Oman ne doit pas emprisonner deux journalistes accusés d’« outrage »

Amnesty International exhorte les autorités omanaises à annuler la condamnation de deux journalistes et de leur source après qu’un tribunal d’appel eut confirmé la semaine dernière qu’ils étaient reconnus coupables d’« outrage » envers le ministre de la Justice du pays.

Yusef al Haj et Ibrahim al Maamary, respectivement journaliste et rédacteur en chef au journal Azzamn, et Haroon al Muqaibli, employé du ministère de la Justice, ont été condamnés à une peine de cinq mois de prison en septembre dernier, pour un article dénonçant des faits de corruption présumés au sein du ministère de la Justice.

Samedi 31 décembre, un tribunal d’appel de Mascate, la capitale, a confirmé ces condamnations, ainsi qu’une décision de justice ordonnant la fermeture d’Azzamn pour un mois.

Les charges retenues sont en relation avec un article rédigé par Yusef al Haj affirmant que sa source, Haroon al Muqaibli, avait été victime de la corruption sévissant au sein du ministère de la Justice.
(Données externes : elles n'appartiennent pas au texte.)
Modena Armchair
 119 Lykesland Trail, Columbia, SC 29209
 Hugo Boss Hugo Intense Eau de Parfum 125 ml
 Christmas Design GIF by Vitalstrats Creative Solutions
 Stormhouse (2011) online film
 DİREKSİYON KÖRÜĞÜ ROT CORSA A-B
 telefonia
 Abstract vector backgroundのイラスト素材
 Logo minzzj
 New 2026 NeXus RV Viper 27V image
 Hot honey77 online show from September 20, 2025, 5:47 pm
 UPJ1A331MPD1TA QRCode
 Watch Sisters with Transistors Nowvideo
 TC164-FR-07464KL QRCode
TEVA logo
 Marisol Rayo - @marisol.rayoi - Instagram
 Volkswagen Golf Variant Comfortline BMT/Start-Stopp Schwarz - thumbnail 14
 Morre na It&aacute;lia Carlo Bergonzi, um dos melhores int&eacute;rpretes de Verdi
Pendant cinq ans, le salaire versé à Haroon al Muqaibli a été inférieur à ce qui correspondait à son rang ; malgré les multiples plaintes qu’il a déposées à ce propos, il n’a jamais perçu de salaire adéquat.

« Contraindre Azzamn au silence et emprisonner des membres de son personnel pour avoir fait paraître des informations d’intérêt public aura un effet dévastateur sur l’ensemble des journalistes en Oman », a indiqué Hassiba Hadj Sahraoui, directrice adjointe du programme Moyen-Orient et Afrique du Nord d’Amnesty International.

« Ces condamnations doivent être annulées et le journal doit être autorisé à poursuivre ses activités sans craintes de suspension. »

D’après la décision rendue par le tribunal d’appel, ces peines de prison sont assorties d’un sursis, bien que les modalités de celui-ci ne soient pas claires.

Yusef al Haj a déclaré à Amnesty International jeudi 5 janvier que les accusés estimaient que ces condamnations avec sursis revenaient à avoir une « épée sur le cou ».

« Ce qui s’est passé dans ce cas est un signe confirmant que la liberté d’expression n’existe pas dans le sultanat (d’Oman) et que les journalistes et les journaux continuent à voir leurs activités limitées », a déploré Yusef al Haj.

« Quelles que soient la forme que prennent ces restrictions et les méthodes employées, ce sont la liberté de la presse et la liberté d’expression qui en pâtissent. »

Les trois accusés ont l’intention de former un recours auprès de la Cour suprême d’Oman, qui devrait déterminer en moins de deux mois si l’affaire sera réexaminée.

« Emprisonner des journalistes et leur source au seul motif qu’ils ont rendu compte d’informations ferait d’eux des prisonniers d’opinion, et Amnesty International demanderait alors aux autorités omanaises de les libérer immédiatement et sans condition », a poursuivi Hassiba Hadj Sahraoui.

Mercredi 28 décembre, Azzamn a publié des excuses au ministre de la Justice, mais après la confirmation de la condamnation, le journal a fait une autre déclaration exprimant le « choc » ressenti face au nouveau jugement.

« La peine est injuste et les excuses présentées par le journal ne signifient pas que les faits décrits par Haroon al Muqaibli sont inexacts », a ajouté Yusef al Haj.

Azzamn a demandé qu’un comité indépendant examine le cas, l’indépendance des décisions de justice lorsque le ministère de la Justice est mis en cause suscitant des doutes.

Les autorités d’Oman continuent à restreindre de manière stricte la liberté d’expression et de réunion.
Ces dernières années, plusieurs blogueurs et journalistes ont été pris pour cible, voire détenus, après avoir critiqué le gouvernement.

Oman a connu un mouvement de protestation en faveur de la réforme en 2011, au cours duquel des milliers de manifestants sont descendus dans la rue pour réclamer de meilleures conditions de vie, la fin de la corruption et une plus grande liberté d’expression.

En février et mars 2011, le chef d’État d’Oman, le sultan Qabous bin Saïd, a cédé à certaines demandes, parmi lesquelles la création d’emplois, l’augmentation des allocations de chômage et le renvoi de plusieurs ministres de son gouvernement.